Suponiendo por un instante que el Perro no hubiese existido nunca, se conocería desde luego la importancia de esta especie en el orden de la naturaleza. ¿Cómo hubiera podido el Hombre, sin el auxilio del Perro, conquistar, domar y reducir á la servidumbre á los demás animales? ¿Cómo podría aun actualmente, descubrir, cazar y destruir los animales feroces y dañinos? Para vivir con seguridad y para dominar sobre el universo viviente, ha sido preciso empezar por formarse un partido entre los animales, atraer con blandura y caricias á los que se han hallado mas capaces de amor y de obediencia, á fin de oponerlos á los demás: el primer arte del Hombre ha sido, por consiguiente, la educación del Perro; y el fruto de este arte, la conquista, y la posesión pacífica de la tierra.

Los animales, por lo común, tienen mas agilidad, velocidad, fuerza y aun valor que el Hombre, habiéndoles armado mejor la naturaleza, y dádoles sentidos mas perfectos, sobre todo el del olfato; y por tanto, el haber subyugado una especie valerosa y dócil, como la del Perro, es haber adquirido nuevos sentidos y facultades de que carecíamos. Las máquinas, los instrumentos que hemos imaginado para perfeccionar nuestros demás sentidos y aumentar su extensión, no equivalen, por lo tocante á la utilidad, á estas máquinas ya hechas y dispuestas que la naturaleza nos presenta, y que supliendo la imperfección de nuestro olfato, nos han suministrado grandes y perpetuos medios de vencer y de reinar; y el Perro, fiel al Hombre, conservará siempre una porción del imperio, un grado de superioridad sobre los demás animales. El los manda: él mismo reina al frente del rebaño, y hace que se oiga mejor su voz que la del pastor: la seguridad, el orden y la disciplina son frutos de su vigilancia y de su actividad: el rebaño es un pueblo que le está sujeto, que él conduce y protege, y contra el cual no usa nunca de la fuerza sino para conservar la paz.

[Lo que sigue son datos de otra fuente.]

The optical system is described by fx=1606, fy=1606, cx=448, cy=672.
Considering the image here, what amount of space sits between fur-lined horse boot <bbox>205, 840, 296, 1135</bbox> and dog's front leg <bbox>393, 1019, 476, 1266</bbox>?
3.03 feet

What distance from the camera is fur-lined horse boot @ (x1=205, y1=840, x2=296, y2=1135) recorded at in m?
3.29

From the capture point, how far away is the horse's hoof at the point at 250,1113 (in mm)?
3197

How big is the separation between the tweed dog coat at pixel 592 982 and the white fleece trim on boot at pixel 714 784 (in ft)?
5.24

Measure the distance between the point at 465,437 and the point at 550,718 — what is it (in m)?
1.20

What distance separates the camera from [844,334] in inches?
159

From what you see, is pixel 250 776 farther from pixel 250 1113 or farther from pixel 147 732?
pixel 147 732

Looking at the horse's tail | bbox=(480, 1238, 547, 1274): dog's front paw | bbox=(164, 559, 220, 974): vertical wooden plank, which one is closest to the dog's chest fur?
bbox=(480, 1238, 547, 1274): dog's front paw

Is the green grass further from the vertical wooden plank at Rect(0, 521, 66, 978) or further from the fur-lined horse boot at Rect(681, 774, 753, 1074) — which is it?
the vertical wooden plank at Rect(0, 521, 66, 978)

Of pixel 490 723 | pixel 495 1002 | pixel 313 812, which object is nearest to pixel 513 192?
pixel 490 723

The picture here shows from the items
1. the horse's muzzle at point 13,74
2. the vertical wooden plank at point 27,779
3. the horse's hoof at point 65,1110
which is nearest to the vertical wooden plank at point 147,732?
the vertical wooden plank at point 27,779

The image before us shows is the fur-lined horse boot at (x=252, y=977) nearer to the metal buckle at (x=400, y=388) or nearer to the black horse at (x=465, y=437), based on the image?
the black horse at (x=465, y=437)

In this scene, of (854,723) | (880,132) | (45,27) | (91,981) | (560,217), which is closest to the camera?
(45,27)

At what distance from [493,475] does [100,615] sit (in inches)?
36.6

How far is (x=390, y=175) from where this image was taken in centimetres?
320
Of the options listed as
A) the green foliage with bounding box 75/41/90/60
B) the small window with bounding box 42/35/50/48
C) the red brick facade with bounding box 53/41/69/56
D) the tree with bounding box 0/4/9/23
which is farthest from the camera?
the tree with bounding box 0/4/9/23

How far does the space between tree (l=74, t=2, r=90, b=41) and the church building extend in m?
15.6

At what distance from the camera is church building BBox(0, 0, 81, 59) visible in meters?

En la pelea principalmente, y en las ocasiones de lidiar contra los animales enemigos ó independientes, es donde brillan su inteligencia y su valor, y donde su talento natural se uno con las cualidades adquiridas. Desde que suena el ruido de las armas, y la trompa de caza, ó la voz del cazador hacen señal de una guerra próxima, el Perro, animado de nuevo ardor, manifiesta su júbilo con el mas vivo enagenamiento, anunciando con sus movimientos y gritos la impaciencia por combatir, y el deseo de vencer: después camina con silencio, procura reconocer el terreno y descubrir y sorprender al enemigo en su fortaleza; investiga sus huellas, las sigue paso á paso y por medio de acentos diferentes, indica el tiempo, la distanciadla especie, y hasta la edad del enemigo á quien persigue.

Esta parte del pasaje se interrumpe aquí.